Suppose we fit a curve with basis functions \(b_1(X) = I(0 \leq X \leq 2) - (X-1)I(1 \leq X \leq 2)\), \(B_2(X) = (X - 3) I(3 \leq X \leq 4) + I(4 < X \leq 5)\). We fit the linear regression model
\[Y = \beta_0 + \beta_1b_1(X) + \beta_2b_2(X) + \varepsilon\]
and obtain the coefficient estimates \(\hat \beta_0 = 1\), \(\hat \beta_1 = 1\), \(\hat \beta_2 = 3\). Sketch the estimated curve between \(X = -2\) and \(X = 2\). Note the intercepts, slopes and other relevant information.
Explain what happens to the bias/variance trade-off of our model estimates use regression splines.

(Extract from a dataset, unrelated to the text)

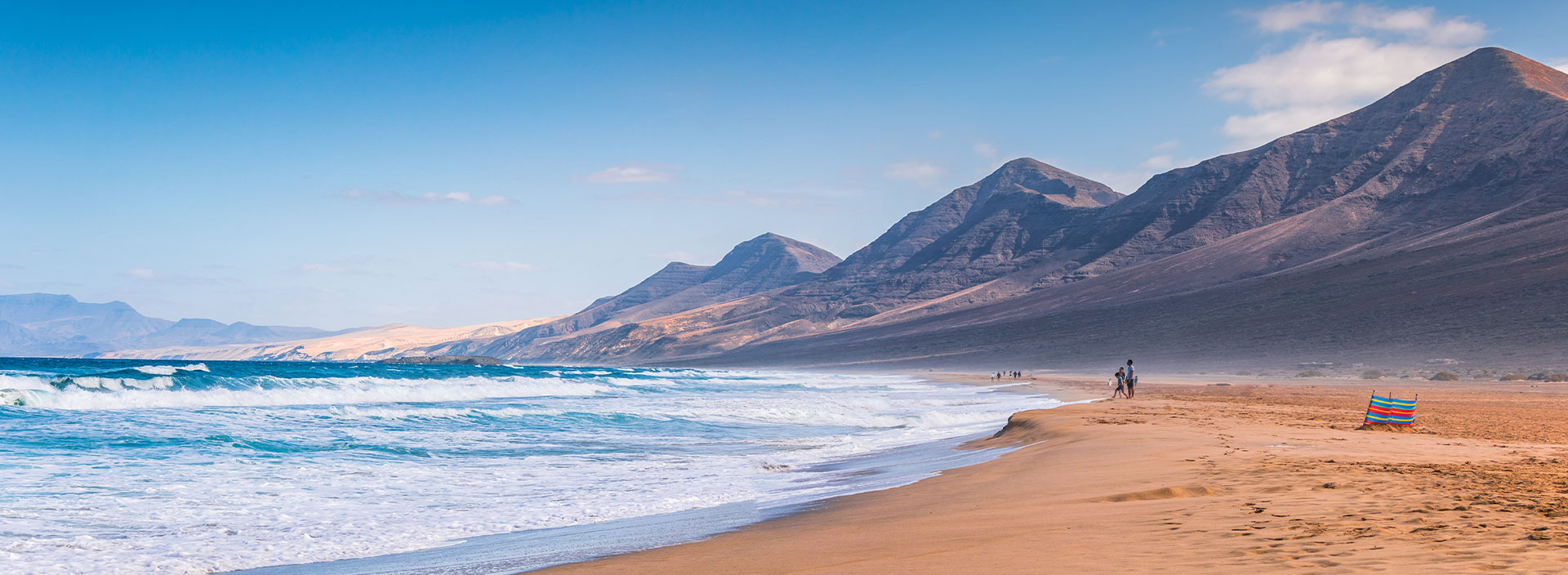 Landschaft auf den Kanaren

Draw an example (of your own invention) of a partition of two-dimensional feature space that could result from recursive binary splitting. Your example should contain at least six regions. Draw a decision tree corresponding to this partition. Be sure to label all aspects of your figures, including regions \(R_1, R_2, ...\), the cut points \(t_1, t_2, ...\), and so forth.

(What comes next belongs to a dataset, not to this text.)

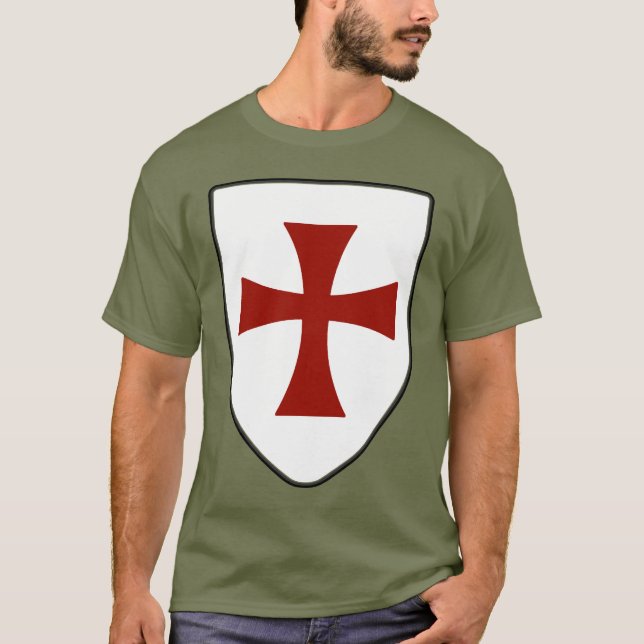 Camiseta Cruzado (Anverso)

Provide a detailed explanation of the algorithm that is used to fit a regression tree.
Explain the difference between bagging, boosting, and random forests.

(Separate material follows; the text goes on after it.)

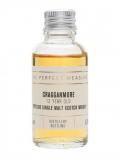 A bottle of Cragganmore 12 Year Old Sample Speyside Single Malt Scotch Whisky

You will be using the Boston data found here. The response is medv
and the remaining variables are predictors.
Do test-training split as usual, and fit a random forest model or boosted tree (your choice) and a linear regression model.
The random forest or boosted tree model has a selection of hyper-parameters that you can tune to improve performance. Perform hyperparameter tuning using k-fold cross-validation to find a model with good predictive power. How does this model compare to the linear regression model?